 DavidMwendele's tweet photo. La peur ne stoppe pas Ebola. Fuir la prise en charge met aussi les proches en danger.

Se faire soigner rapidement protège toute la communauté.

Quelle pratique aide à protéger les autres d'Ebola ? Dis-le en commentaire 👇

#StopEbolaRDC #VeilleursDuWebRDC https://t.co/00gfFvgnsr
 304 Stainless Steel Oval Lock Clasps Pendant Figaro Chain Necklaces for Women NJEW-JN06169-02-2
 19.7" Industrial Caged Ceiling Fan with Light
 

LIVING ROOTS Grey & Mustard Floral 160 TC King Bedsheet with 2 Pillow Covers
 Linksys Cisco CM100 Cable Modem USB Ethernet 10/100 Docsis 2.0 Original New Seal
...
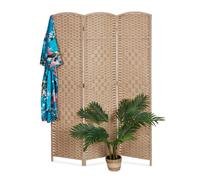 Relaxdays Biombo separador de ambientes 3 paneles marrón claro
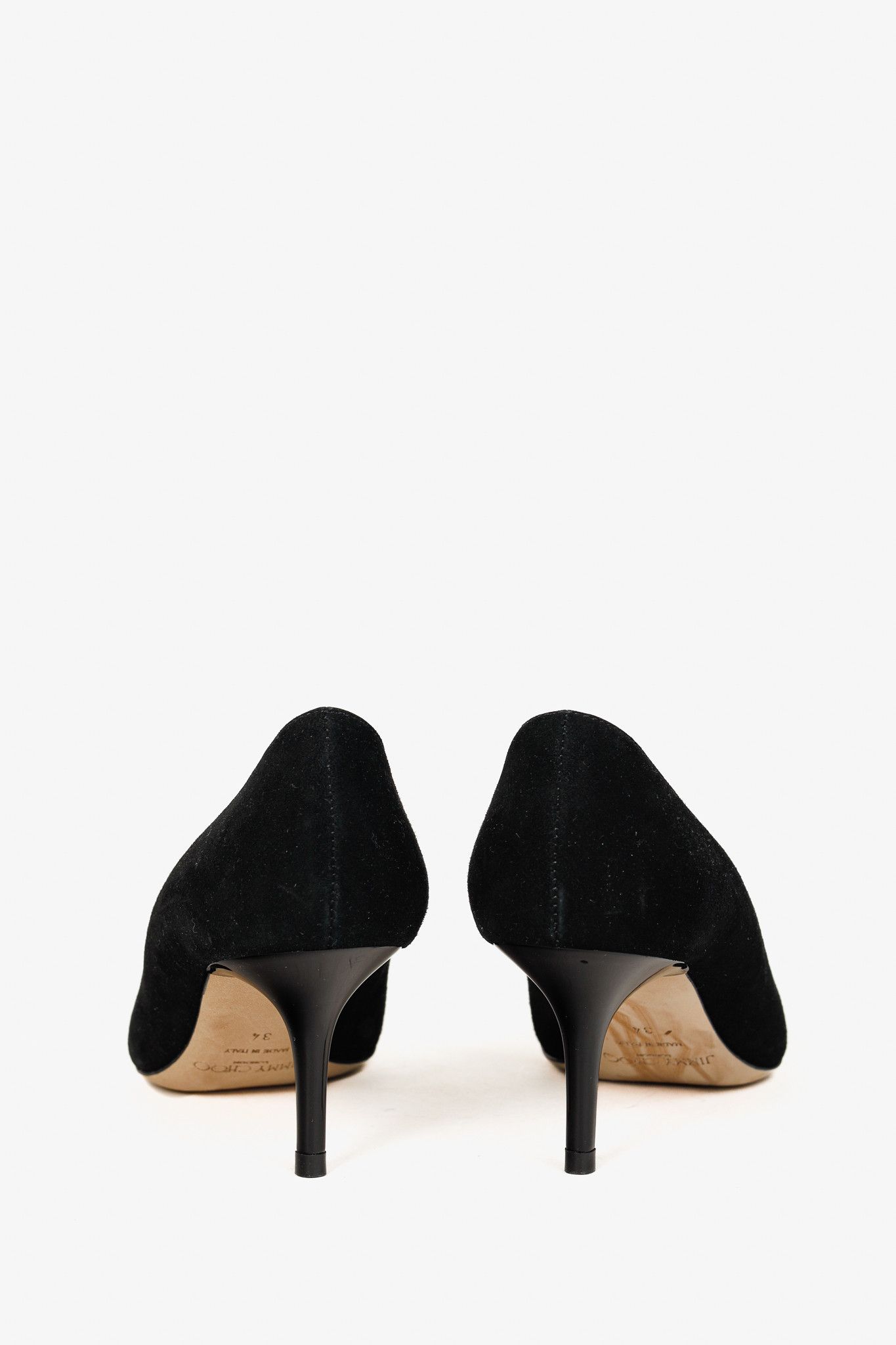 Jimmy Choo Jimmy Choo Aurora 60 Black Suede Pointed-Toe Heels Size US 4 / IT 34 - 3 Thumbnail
==
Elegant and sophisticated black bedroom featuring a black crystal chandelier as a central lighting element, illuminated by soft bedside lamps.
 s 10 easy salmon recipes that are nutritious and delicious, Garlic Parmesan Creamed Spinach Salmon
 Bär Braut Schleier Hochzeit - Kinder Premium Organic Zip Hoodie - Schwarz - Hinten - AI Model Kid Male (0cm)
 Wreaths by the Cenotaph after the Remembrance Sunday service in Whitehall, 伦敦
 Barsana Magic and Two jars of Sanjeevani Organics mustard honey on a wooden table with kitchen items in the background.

* **WORK TO COMPLETE**:
Give back, word for word, only the lines above from the line holding "DavidMwendele's tweet photo." to the line holding "LIVING ROOTS Grey", both included.

* **RESPONSE**:
 DavidMwendele's tweet photo. La peur ne stoppe pas Ebola. Fuir la prise en charge met aussi les proches en danger.

Se faire soigner rapidement protège toute la communauté.

Quelle pratique aide à protéger les autres d'Ebola ? Dis-le en commentaire 👇

#StopEbolaRDC #VeilleursDuWebRDC https://t.co/00gfFvgnsr
 304 Stainless Steel Oval Lock Clasps Pendant Figaro Chain Necklaces for Women NJEW-JN06169-02-2
 19.7" Industrial Caged Ceiling Fan with Light
 

LIVING ROOTS Grey & Mustard Floral 160 TC King Bedsheet with 2 Pillow Covers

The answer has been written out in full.